Module A-12·20 min read

Active-active (CRDT-based) vs active-passive multi-region Redis, Redis Enterprise geo-replication, conflict resolution strategies, latency-vs-consistency trade-offs, and when global distribution is the wrong answer.

A-12 — Multi-Region Redis: Active-Active and Geo-Replication

Who this module is for: You serve users across multiple geographic regions and need Redis to be close to each user — low-latency reads and writes from any region. This module covers the two multi-region Redis architectures (active-passive and active-active), the CRDT-based conflict resolution that enables active-active, and when global Redis distribution creates more problems than it solves.

Why Multi-Region Redis

A Redis instance in us-east-1 adds 120ms+ of round-trip time for a user in ap-southeast-1 — completely negating Redis's sub-millisecond advantage over a database. For globally distributed applications, you need Redis deployed close to each user group.

Two architectural options:

Active-Passive:  One region writes, other regions read (with replication lag)
Active-Active:   All regions write; changes propagate and conflicts are resolved

Active-Passive: Regional Read Replicas

The simplest multi-region setup: the primary Redis is in one region; replicas in other regions serve reads with some lag.

us-east-1 (Primary): accepts all writes
      │
      │ async replication (100–200ms cross-region latency)
      ▼
eu-west-1 (Replica): serves reads (100–200ms behind primary)
ap-southeast-1 (Replica): serves reads (150–250ms behind primary)

Read path: Applications in eu-west-1 read from the local replica with < 1ms latency.

Write path: All writes go to us-east-1. An API call from ap-southeast-1 that writes data adds 150–250ms of round-trip time to reach the primary. Unacceptable for write-heavy workloads.

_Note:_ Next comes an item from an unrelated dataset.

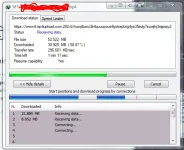 Screenshot_36.webp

Failover: If the primary fails, you manually promote a replica using REPLICAOF NO ONE and update your application's connection strings. Sentinel can automate this within a single region but not across regions (network latency makes cross-region failure detection unreliable).

When active-passive is appropriate:

Read-heavy workloads where most data is read many times and written rarely
Data that is written in one primary region (user-generated content flow is unidirectional)
Cache workloads where cross-region write latency is acceptable

Active-Active: Every Region Writes Locally

In active-active mode, each regional Redis instance accepts writes. Changes propagate to other regions asynchronously. When two regions write to the same key simultaneously, conflict resolution determines the outcome.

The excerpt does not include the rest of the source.